Another section that the reader consumed with avidity was the Sentimental Mail. Some took it seriously and others considered it a joke. Many couples were formed and even married. A saying became very popular: «I'll wait for you with a carnation in my buttonhole and El alma que canta in my hand».
They say that it was by 1925 when he was acquainted with a boy with airs of actor and playwright. After listening to him don Vicente told him: «Why don't you put your dreams aside and write for me some lunfardo lines that I will publish in each edition?» He was Dante A. Linyera. Soon later he wrote the editorials.
It was also creator of other magazines: Tarascone, a name inspired by a soccer player and dedicated to that sport; Purrete, for children; El espejo de la moda (The mirror of fashion), Micrófono (Microphone), directed by Homero Manzi, whose subject matter was the radio; Cinegráfico, about cinema; Fantasio directed by Julio Escobar.

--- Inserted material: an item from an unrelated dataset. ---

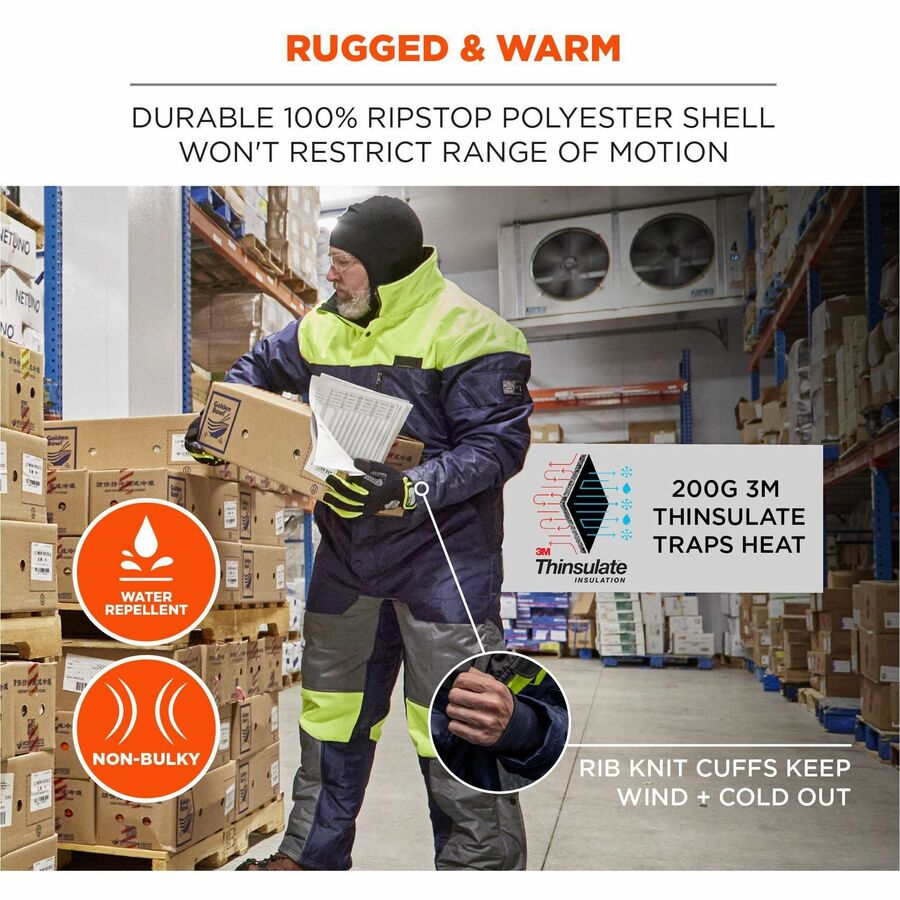 Ergodyne N-Ferno 6475 Insulated Freezer Coveralls, 4X-Large, Navy, Polyester, Water Resistant, 3 Pockets, Snap/Zipper Closure, Reflective, Adjustable, 1 Each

But his supreme work was, the today mythical, El alma que canta that ended up having 64 pages. Financial problems reduced it to only 12, but it was able to recover. Then imitators appeared: El canta claro, founded by the Angulo brothers in 1921. Then followed: Cantando (Singing), Ídolos de la radio (Idols of the radio), Radiomelodía and others.
José Gobello expressed: «Vicente Bucchieri was a fundamental factor in the diffusion of the culture of masses».
Bucchieri died on September 23, 1985. A small plaza in Pompeya bears his name; it is located on Roca Avenue between Mom and Agustín de Vedia. The neighborhood of Boedo also paid homage to him when on July 5, 1997 named the corner of Boedo and Metán after Vicente Bucchieri.
* Magallanes, Ariel: «Vicente Buchieri hizo cantar a todo el Río de la Plata: La leyenda de El Alma que Canta», in Todo es historia, Año 12, Nº 149, Buenos Aires: X-1979; pp. 90-95.
* Vargas Vera, René: «Pico de oro», in Música y letra, SADAIC, Buenos Aires: 1989; pp. 22-25.
As for the spelling of the surname, Roberto Selles literally comments: «Thirty-two years after the appearance of the magazine, Don Vicente discovered, due to a formal procedure, that his true family name was not Bucchieri but Buccheri. Since then, with this spelling it appeared in the El Alma que Canta issues, causing, consequently, a confusion that misled many ones».
And he later adds: «El Alma que Canta ceased to be published in the mid- 1950. Later it had an ephemeral revival, under the direction of Blas Buccheri, Vicente’s brother». (Selles, Roberto: “El Alma que Canta. La revista que hizo cantar al país”, in ¡Viva el tango! Nº 11, Academia Nacional del Tango, Buenos Aires: 1998; pages 4-15).
About the same issue Horacio Ferrer in El Libro del Tango, says: «Semanario. One of the magazines entirely devoted to tango matters. Founded by Blas and Vicente Buchieri, in February 1916, it is still under the direction of the former». (Ferrer, Horacio: El Libro del Tango, Antonio Tersol Editor, Buenos Aires-Barcelona: 1980, Page 373).
Furthermore, we have received a message by e-mail from Daniel Marcelo Buccheri (grandson of the above Blas), in which he affirms that the true founder of the magazine was Blas Buccheri. And that his surname was never altered by a mistake or slyness of an immigration officer, but it was Vicente himself (in fact his great-uncle), who added a letter "i" to differ from Blas «because he was always overshadowed by the prominence of his elder brother».